野兎病は野兎病菌(Francisella tularensis)という細菌で起こる感染症で〔La Regina et al.1986,Magee et al.1989,Quenzeret al.1977〕。ウサギから人にも感染を起こす人獣共通感染症で、特にノウサギや野生のげっ歯類(プレーリードッグなど)からの感染が懸念されいます。日本ではプレーリードッグにおいて野兎病がアメリカで発生した事例から、現在輸入を禁止しています。

プレーリードッグの野兎病の詳しい解説はコチラ!

日本では家畜伝染病予防法における届出伝染病、感染症法における四類感染症に指定され、そのために海外からウサギを輸入する場合などは、空港や港において、検疫が行われています。

日本のウサギの検疫の解説はコチラ!

日本ではノウサギとの接触による感染が多く報告されているためこのような病名がつけられました。アメリカのカリフォルニア州のトゥーレアリ(Tulare)で発見されたことからツラレミア (Tularemia)、日本で野兎病を研究した大原八郎次医師の名から大原病 (Ohara’s disease)とも呼ばれています。野兎病菌は血清学的には単一ですが、菌株の生化学的性状から下記の3亜種があげられ、本菌は亜種により病原性が異なります〔Morner et al.2001,Ellis et al 2002〕。

表:野兎病菌の亜種

亜種特徴
F. tularensis tularensi北米に分布する強毒型で、有効な抗生物質が投与されなかった場合の死亡率は5%です。主にウサギにマダニを介して感染します。Type Aとも呼ばれていました。
F. tularensis holarctica北米~ユーラシア大陸に分布する弱毒性型で、有効な抗生物質が投与されていなくても、死亡率は1%未満で人での死亡例はまれです。日本に分布する野兎病菌もこの亜種です(biovar japonica)。Type B subsp. palaearcticaとも呼ばれていました。
F. tularensis mediasiatica 中央アジア~旧ソ連の一部の地域に分布し、病原性は弱い。

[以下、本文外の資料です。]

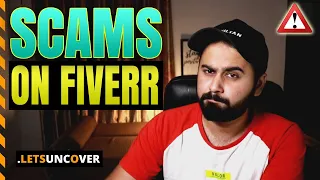 Beware of these Scams on Fiverr, Fiverr Tips and Tricks, Fiverr Tutorial - Lets Uncover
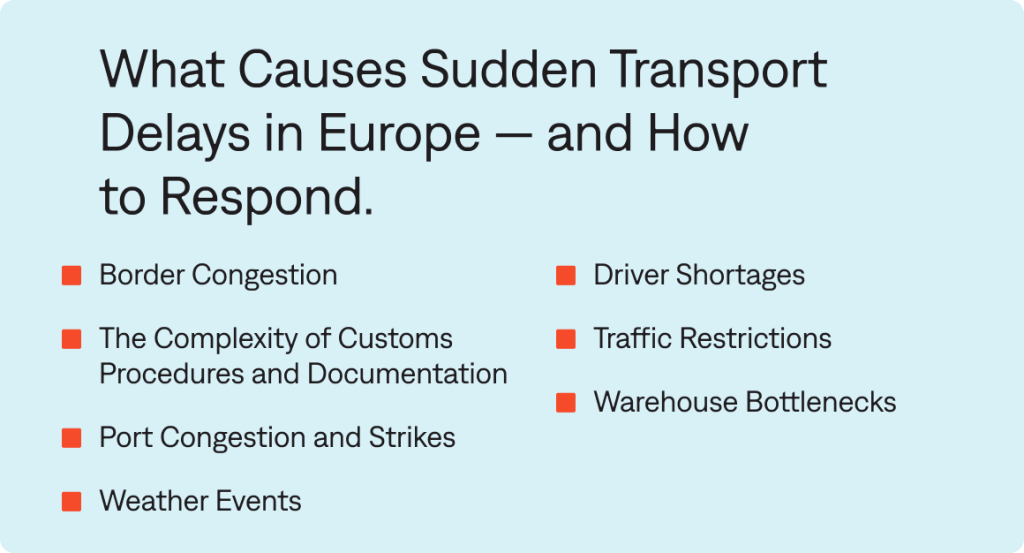 What Causes Sudden Transport Delays in Europe—and How to Respond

ノウサギ、トビネズミ類とマダニ類の感染環で維持されています。

どうやって人に感染するの?

ノウサギや野ネズミなどの野生動物のほか、多種類の哺乳動物、鳥類、爬虫類、両生類、そしてマダニや蚊などの吸血昆虫からも菌が分離されています〔大原 2003〕。野兎病菌は極めて感染力が強く、主に感染したノウサギなどの剥皮や調理の際に血液や肉に接触することで人に感染します。毛皮を扱う従事者、食肉業者、猟師などの特定の職業における感染症です。ノミ、マダニ、蚊などを媒介にして経皮的にも感染します。なお、人から人への感染は起こりません。皮膚の傷からの感染でなく、健康な皮膚からも侵入して感染できるという特徴を持っています〔吉田 2004〕。

どの国で発生しているの?

人での野兎病はアメリカやカナダ、ロシア、北アジアなど主に北緯30度以北の北半球に広く発生しています。日本国内では東北や関東で多発し、ダニの活動する5月と狩猟時期の12月が主で、1924~1998年まで1375例が報告されました。米国やスウェーデンなどの海外の汚染地域では毎年散発的に起っており、時に流行が起こっています。近年の日本での人の野兎病は非常に稀となりました。ノウサギを捕獲・解体する機会が減少したことが、その理由です

症状は?

日本における人への感染の多くはノウサギとの接触によるものです。潜伏期は3~5日で、発熱、頭痛、悪寒、嘔吐、衰弱が見られ、治療を受けないと3割以上の死亡率となりますが、適切な治療が行われればほとんどは回復します。皮膚から侵入した野兎病菌はにより、侵入部位に関連した所属リンパ節の腫脹が見られます〔Ohara et al.1991〕。

ウサギ

ノウサギや野生のげっ歯類は感受性が高く、敗血症を起こして急死することが多いです。家畜では、羊や山羊などが高感受性で、馬、牛、豚は感受性が低いです。症状が発現するとしたら、発熱、過呼吸、嗜眠、食欲不振、下痢、リンパ節の腫脹などが見られます。

野兎病を疑ったら?

野兎との接触歴があれば野兎病を疑い、早急に病院で受診して下さい。感染症法の四類感染症に定められているため、診断した医師は直ちに最寄りの保健所への届出が義務付けられています。

ウサギ

家畜伝染病予防法の届出伝染病に定められているため、対象動物は馬,めん羊,豚,いのしし,兎.診断した獣医師は直ちに最寄りの家畜保健衛生所へ届出が義務付けられてます。.

治療

感受性のある抗生物質(ストレプトマイシンなど)を投与します。人では早期に治療を開始すればそのほとんどが回復します。

予防は

人では、流行地においては死体を含め、野ウサギや野生のげっ歯類との接触回避、マダニなどの媒介動物による刺咬を防ぐことなどがあげられます。関東や東北地方にお住まいのペットのウサギでは、人と同様の予防処置を考えて下さい。アメリカでは実験室のバイオハザード対策として、 人用の弱毒生ワクチンが使用されていますが、日本にはありません〔Petersen et al.2005〕。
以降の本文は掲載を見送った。